The land upon which he lives includes several caves, two of which are used to provide shelter for his flock of over sixty sheep. The walls within which the family live are built of local rocks, and stand less than five feet high; their roof is tarpaulin. Yet within these rustic limitations, the family has created a homely sanctity from the harsh meteorological and political conditions outside.
The reason for our presence was to both encourage the family in their activity, and support them when facing the constant struggle with the Israeli settlers and army. The day before our arrival, Abu Tarek had been threatened by an Israeli soldier, and a local settler tries to destroy the community’s livelihood by grazing his own flock on their agricultural land, thus destroying their crop.

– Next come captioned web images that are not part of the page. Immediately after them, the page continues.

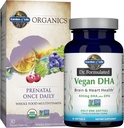 Κήπος της Ζωής Κάποτε Καθημερινή Vegan DHA + Προγεννητική Multi Bundle: Dr Formulated Vegan DHA 30 Softgels + Βιολογικά Προγεννητικά Κάποτε Καθημερινή Πολυβιταμίνες με Φολικό για την Προγεννητική Υγεία των Γυναικών, 30 δισκία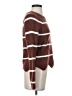 Pinque Stripes Brown Pullover Sweater Size XS - photo 4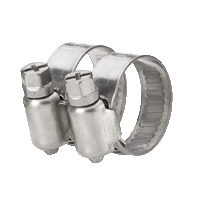 Oase Edelstahl-Schlauchschellen 1/2" - 3/4"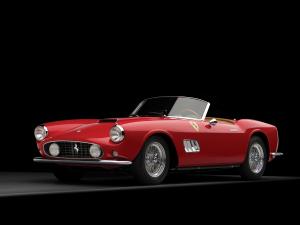 Ferrari 250 GT California Competizione Passo Lungo (Fari Aperti) 1958 года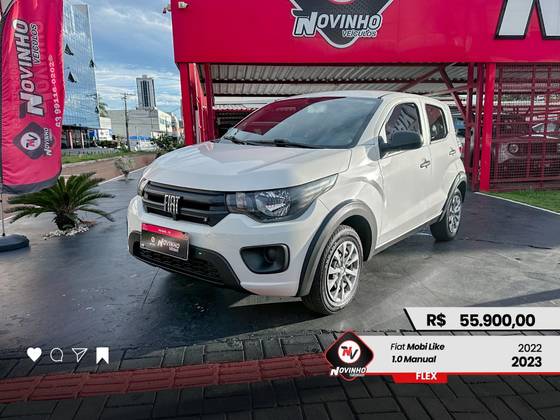 FIAT MOBI 1.0 EVO FLEX LIKE. MANUAL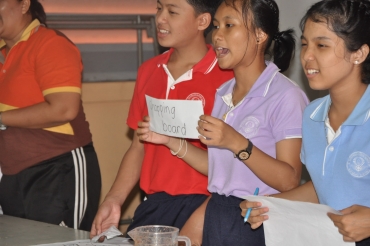 กิจกรรม Asean relationship camp ระดับประถม 2558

Life here begins with the sun, rising to milk the sheep before breakfasting on the delicious bread, freshly baked in a taboon by Abu Tarek’s wife, served with the products of their farming here: warm milk and lebeneh. The lack of electricity means no refrigeration, and so transformation of the milk to a longer-lasting substance is a must.
Whilst out grazing the sheep, Abu Tarek’s concern of the situation here is clear. To avoid problems with the Israeli authorities, he must be careful to not let his sheep drift to the other side of the dirt-track that leads to an Israeli Settler’s farm. Rocks thrown here are to direct and contain the sheep, rather than a resistance of the IDF by the local Shebab.

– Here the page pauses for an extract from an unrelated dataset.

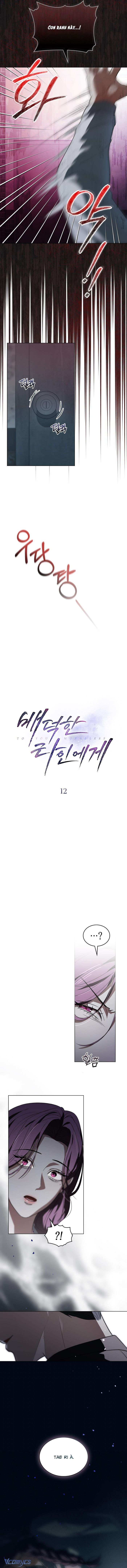 [18+] Gửi Kẻ Bị Ám Ảnh - Chap 12 Ảnh 4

This dirt-track segregates the hill-top that lies between the land that the Palestinians are authorised to use for grazing, and the land that they can use for cultivation. When pointing-out which parts of the valley he can “safely” use to graze, he neglects the greener, more fertile verdure, which he says have been taken by the Settlers. The Palestinians rarely get the rich-pickings of their own land.
Whilst Abu Tarek is watching over his flock on the rocky hills below the track, I hike further up this hill to ensure that the community’s wheat is not being destroyed by the Settler’s own flock. The panorama from the top of this hill provides a vivid portrayal of the encroachment of the surrounding Israeli settlements, a stark contrast to the restricted development that is afforded to the Palestinians.
The intimidation by the Israelis is ever-present. In one day, less than an hour apart, we were harassed first by an Israeli official, responsible for the management of this land, and then by Israeli soldiers. The official tried to claim that he had seen the Palestinians take their flock onto land that was reserved to the settlers, defining the track as the dividing line. (We had been present all morning and the flock had not crossed the track.)
Later, an army jeep approaches from the Settler’s farm and three young soldiers exit, rifles slung across their chests to confront Abu Tarek & Abu Nassir, the other patriarch of the community. They speak patronisingly to these two dignified men, telling them that they were but “children” here in this land, that this is Jewish land, and that they shouldn’t be grazing their sheep here at all. Their protests seem to fall on deaf ears, despite the earlier altercation with the land-management official. When I ask them to show me a map of the area, defining the division and allocation of the land, they claim not to have one, and promptly leave.
This racial division is also evident when the Palestinians try to address complaints to the police about Settler intrusions or attacks. As this is “Area C”, the police are Israeli. Abu Tarek tells us that when he has telephoned the police, upon hearing his Arabic accent when speaking Hebrew, the operator simply hung-up.
Despite the daily hardships that this family faces, life within their modest home is jovial, soulful and rich, and their welcome is incredibly warm and heart-felt. Whilst I would recommend any international to visit them and help defend their cause, I hope that they will soon no-longer need to welcome us as fighters against the Occupation, and simply as friends.